• YOUR GOAL
Only the pictures should be left out; repeat the rest of the data exactly.

• MATERIAL PROVIDED
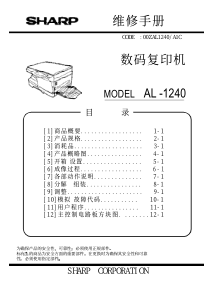 SHARPAR-1808S用户手册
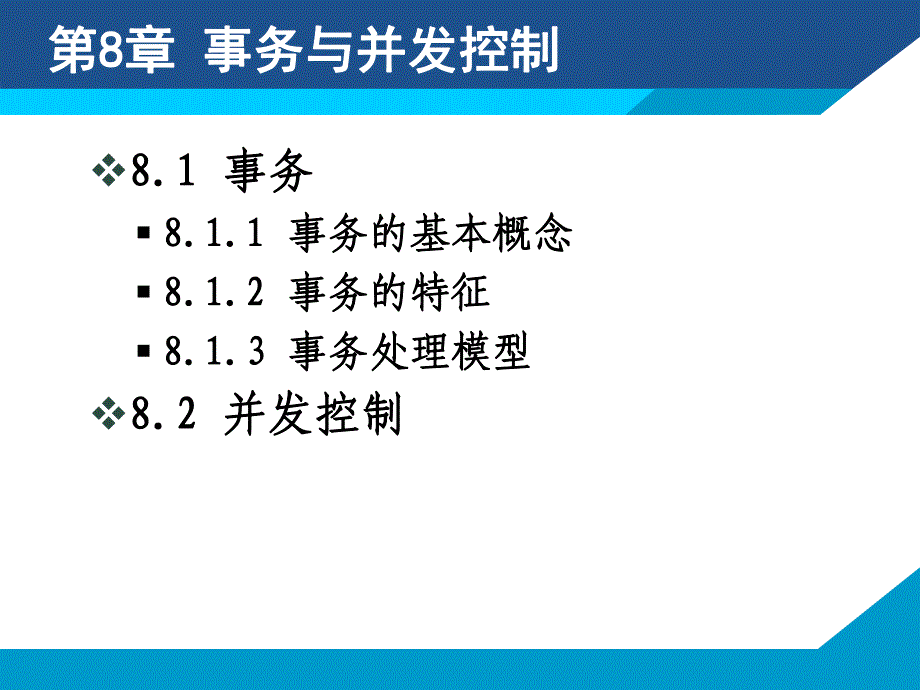 第8章事务与并发控制.ppt_第1页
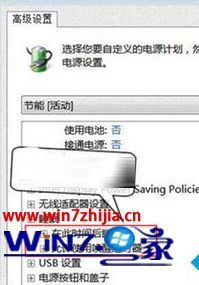 win7休眠后不能唤醒的具体处理步骤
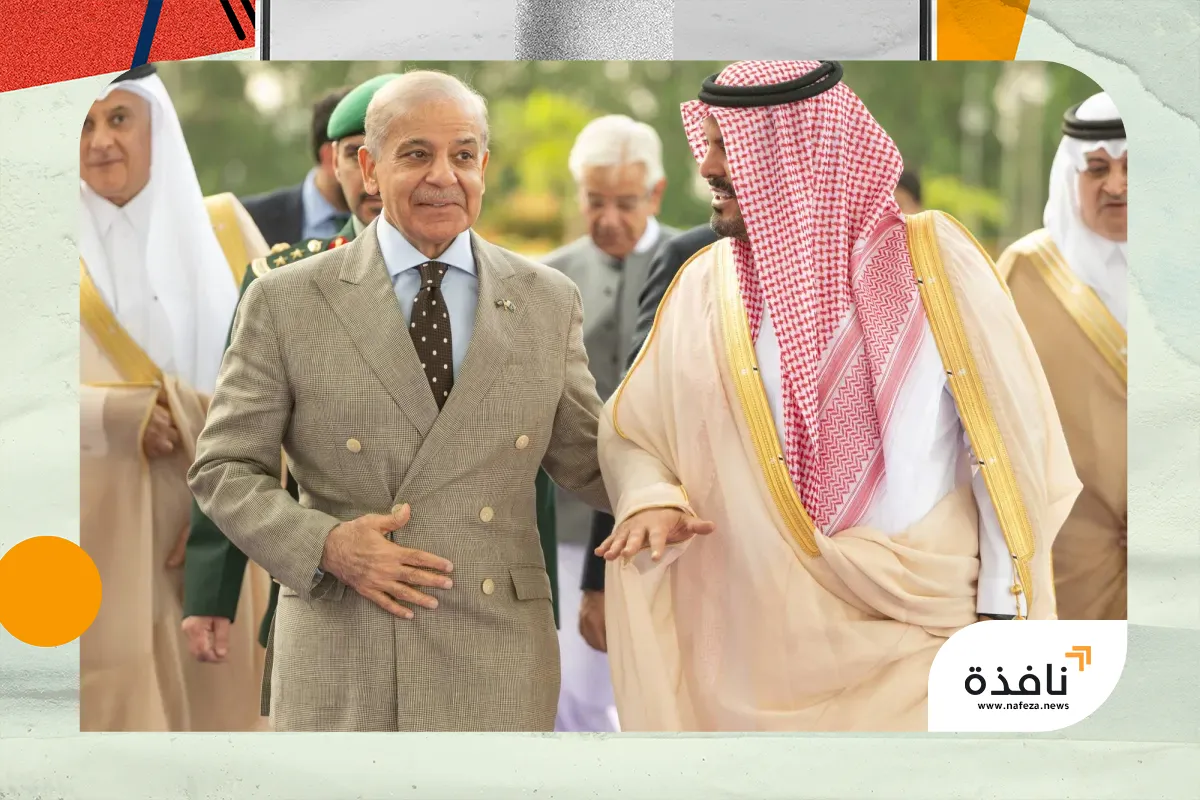 رئيس وزراء باكستان في السعودية لبحث التطورات وتعزيز العلاقات | نافذة الشرق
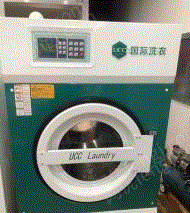 二手洗涤设备回收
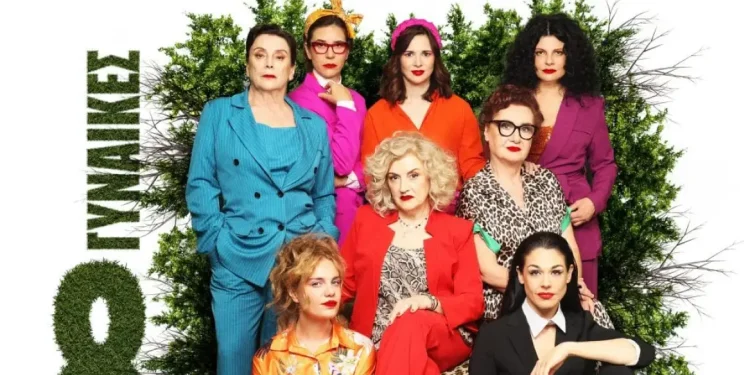 «Οκτώ Γυναίκες»: Η παράσταση με τον δυναμικό γυναικείο θίασο βγαίνει σε καλοκαιρινή περιοδεία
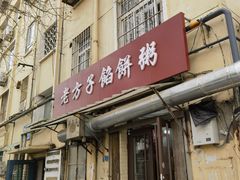 -老方子馅饼粥(台东店)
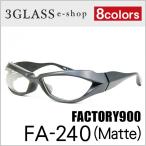 メガネ サングラス 眼鏡 FACTORY900（ファクトリー900）FA-240 55mm8カラー 001M 069M 100M 176M 239M 267M 425M 853Mメンズfactory900 fa-240m ありがとう (店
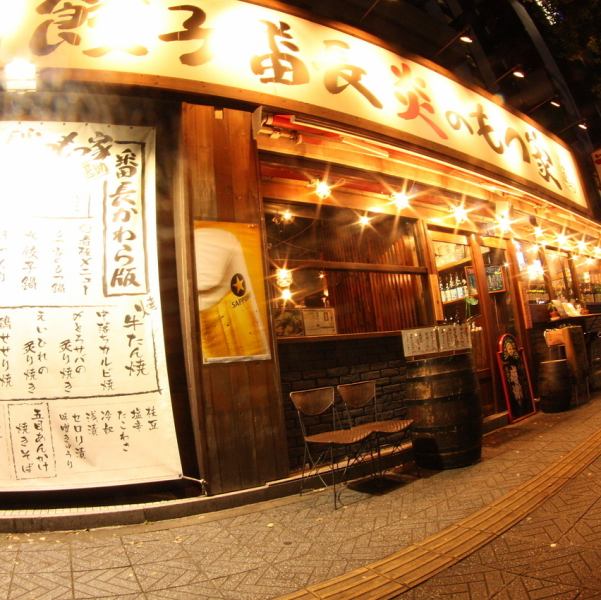 ２５時と遅めの時間帯まで営業しております！早い時間帯はハッピーアワーでドリンクが290円でご注文頂けます！１８時以降からの時間帯は【番長サイズ】でのドリンクもお得！通常のメガよりもさらにデカい！これも餃子番長ならではの楽しみ方です。飲み放題付きで美味しい料理８品付いた宴会コース4000円～もお得です！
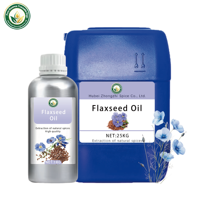 Huile de lin (Linum Usitatissimum) 100% pure pressée à froid, huile végétale en vrac pour cosmétiques, soins de la peau, massage, aromathérapie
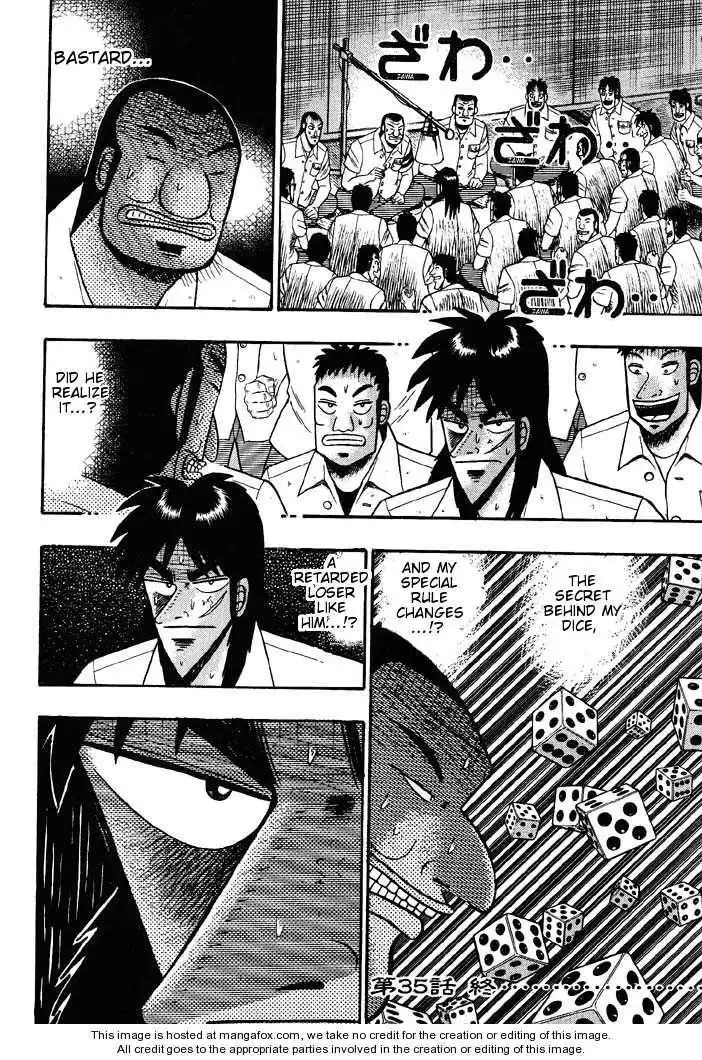 Kaiji Chapter 35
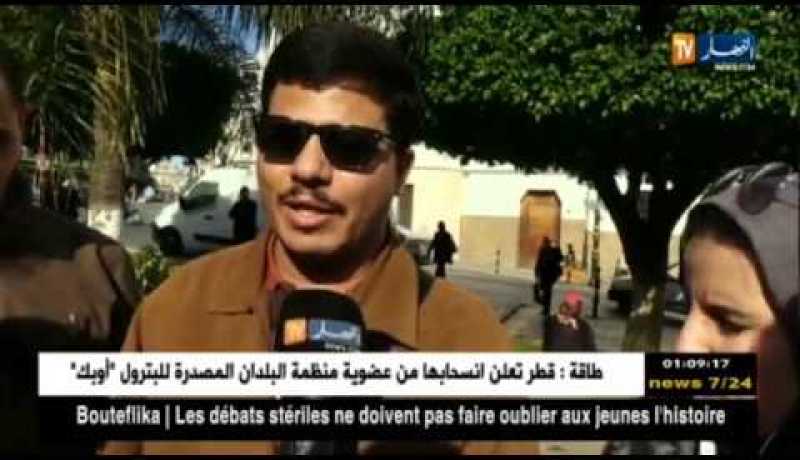 العاصمة عشرات المكفوفين ينتفضون إحتجاجا على أوضاعهم الإجتماعية المزرية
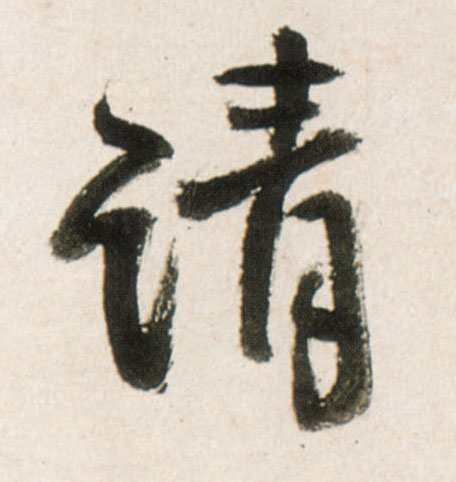 行书 请
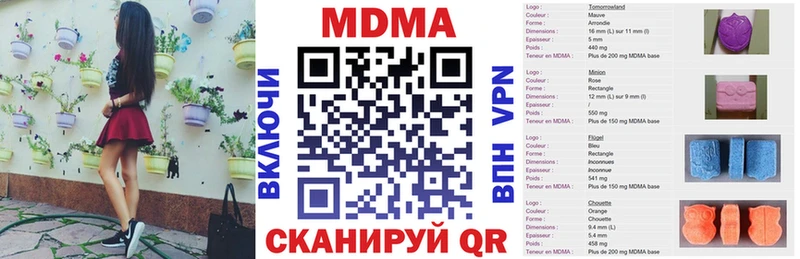 МДМА crystal  хочу   ссылка на мегу зеркало  Белогорск 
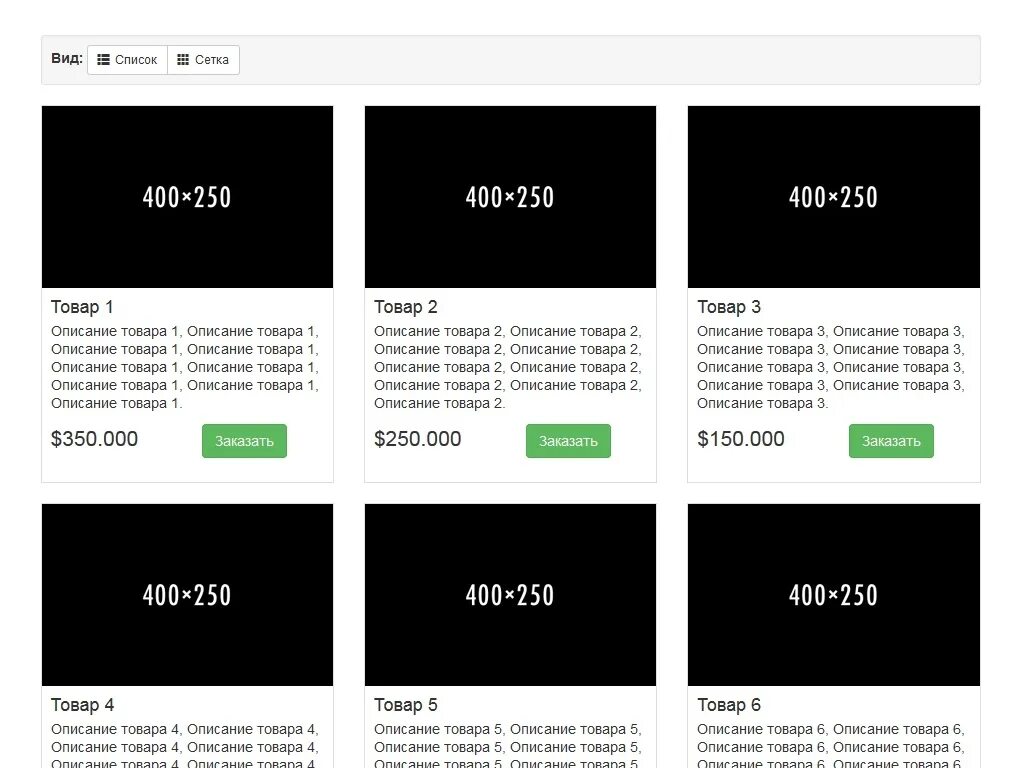 Bootstrap 5 сетка. Bootstrap сетка. бутстрап верстка. bootstrap верстка.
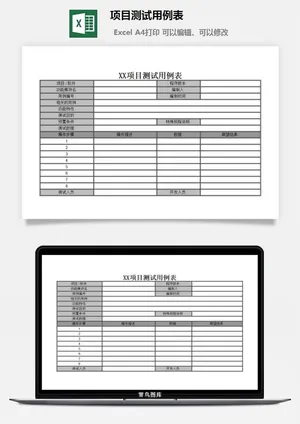 项目测试用例表excel模板预览图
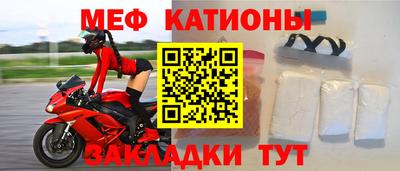 наркотики Донской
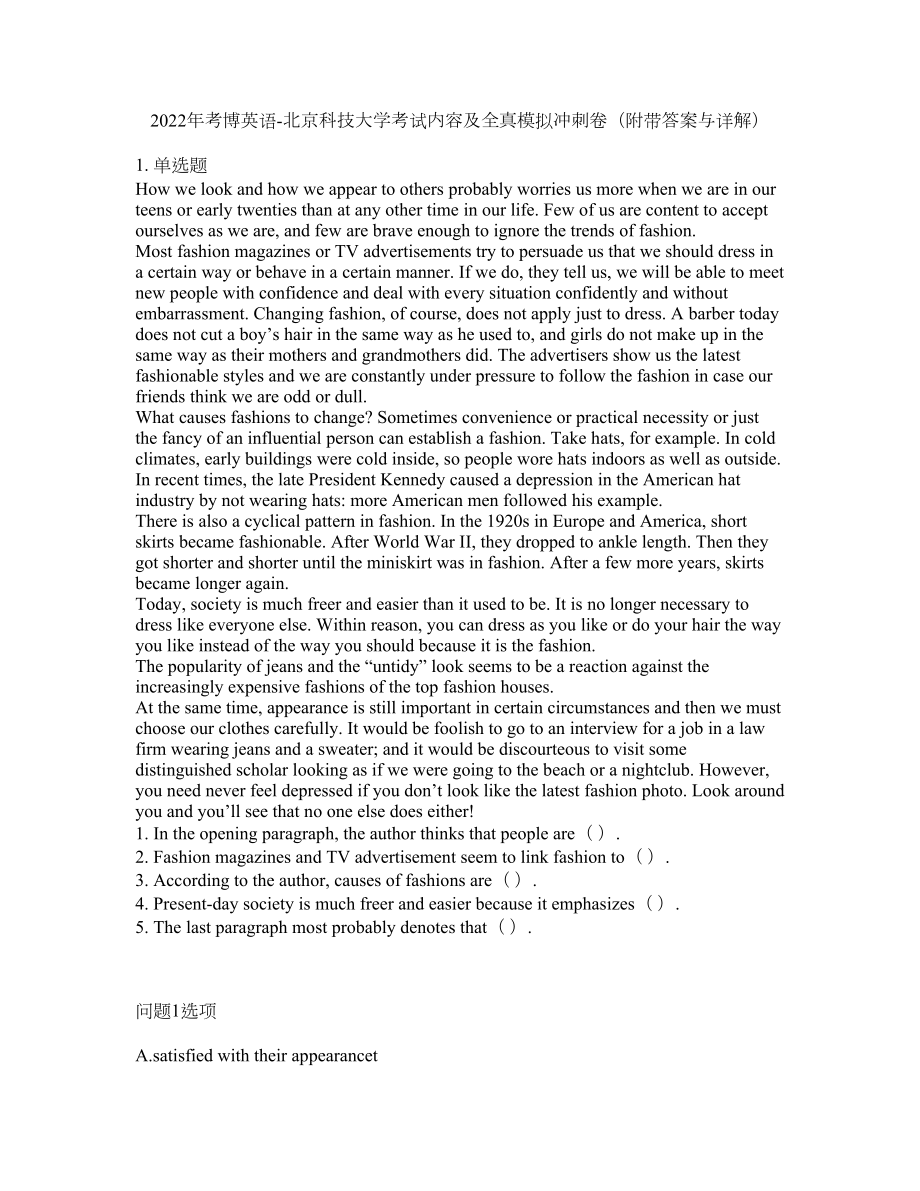 2022年考博英语-北京科技大学考试内容及全真模拟冲刺卷（附带答案与详解）第77期_第1页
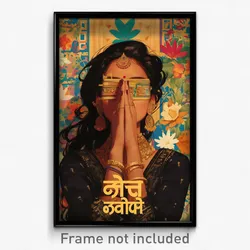 Bollywood Movie Poster - Enchanting Tube (India Retro Hindi Film Art Print)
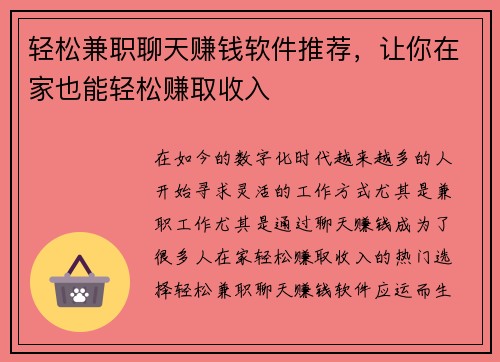 轻松兼职聊天赚钱软件推荐，让你在家也能轻松赚取收入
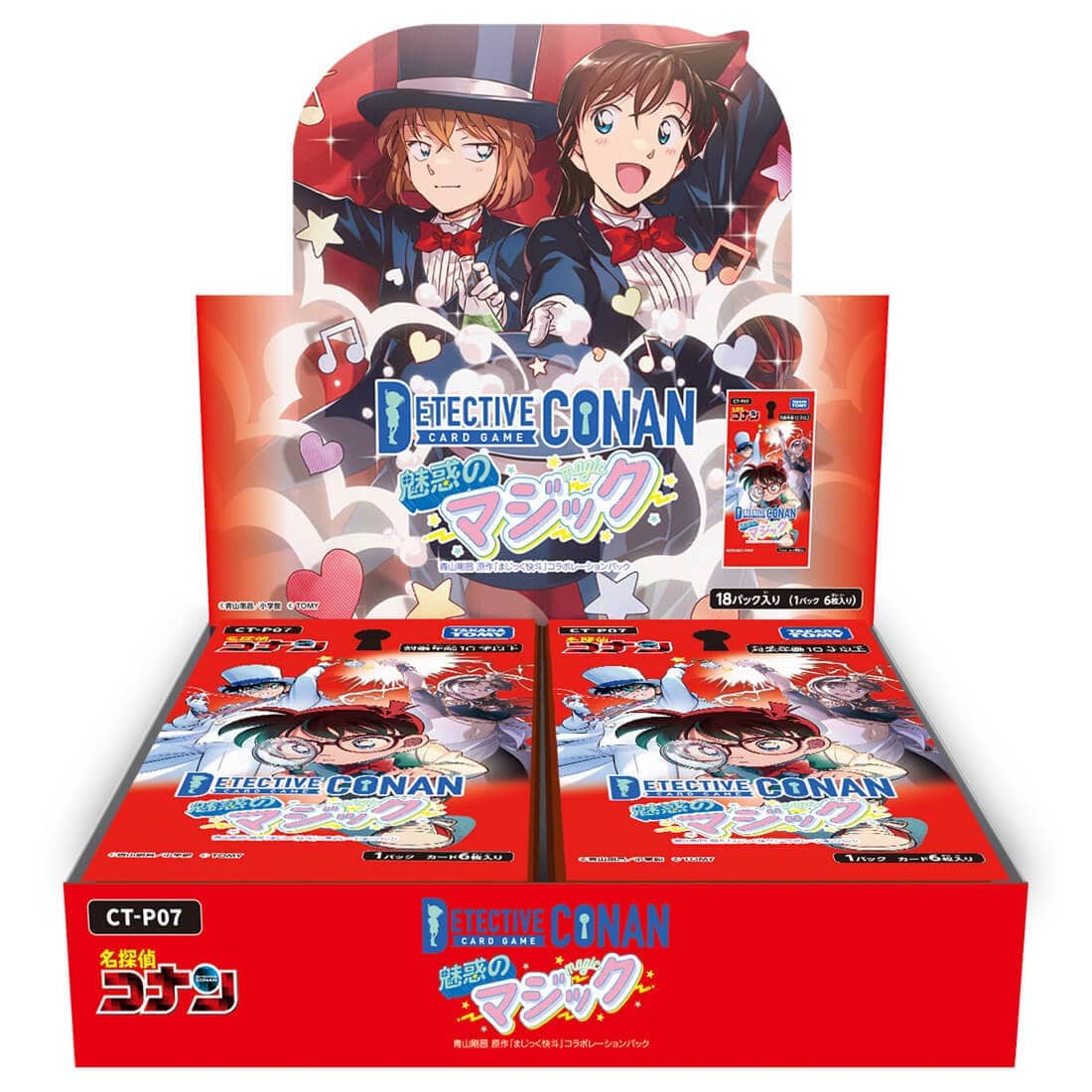 [CT-P07] 名偵探柯南 魅惑のマジック 日版 Box
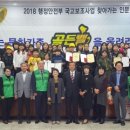 대덕문고 디트뉴스24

• SOLUTION TO THIS PROBLEM
 SHARPAR-1808S用户手册
 第8章事务与并发控制.ppt_第1页
 win7休眠后不能唤醒的具体处理步骤
 رئيس وزراء باكستان في السعودية لبحث التطورات وتعزيز العلاقات | نافذة الشرق
 二手洗涤设备回收
 «Οκτώ Γυναίκες»: Η παράσταση με τον δυναμικό γυναικείο θίασο βγαίνει σε καλοκαιρινή περιοδεία
 -老方子馅饼粥(台东店)
 メガネ サングラス 眼鏡 FACTORY900（ファクトリー900）FA-240 55mm8カラー 001M 069M 100M 176M 239M 267M 425M 853Mメンズfactory900 fa-240m ありがとう (店
 ２５時と遅めの時間帯まで営業しております！早い時間帯はハッピーアワーでドリンクが290円でご注文頂けます！１８時以降からの時間帯は【番長サイズ】でのドリンクもお得！通常のメガよりもさらにデカい！これも餃子番長ならではの楽しみ方です。飲み放題付きで美味しい料理８品付いた宴会コース4000円～もお得です！
 Huile de lin (Linum Usitatissimum) 100% pure pressée à froid, huile végétale en vrac pour cosmétiques, soins de la peau, massage, aromathérapie
 Kaiji Chapter 35
 العاصمة عشرات المكفوفين ينتفضون إحتجاجا على أوضاعهم الإجتماعية المزرية
 行书 请
 МДМА crystal  хочу   ссылка на мегу зеркало  Белогорск 
 Bootstrap 5 сетка. Bootstrap сетка. бутстрап верстка. bootstrap верстка.
 项目测试用例表excel模板预览图
 наркотики Донской
 2022年考博英语-北京科技大学考试内容及全真模拟冲刺卷（附带答案与详解）第77期_第1页
 Bollywood Movie Poster - Enchanting Tube (India Retro Hindi Film Art Print)
 轻松兼职聊天赚钱软件推荐，让你在家也能轻松赚取收入
 [CT-P07] 名偵探柯南 魅惑のマジック 日版 Box
 대덕문고 디트뉴스24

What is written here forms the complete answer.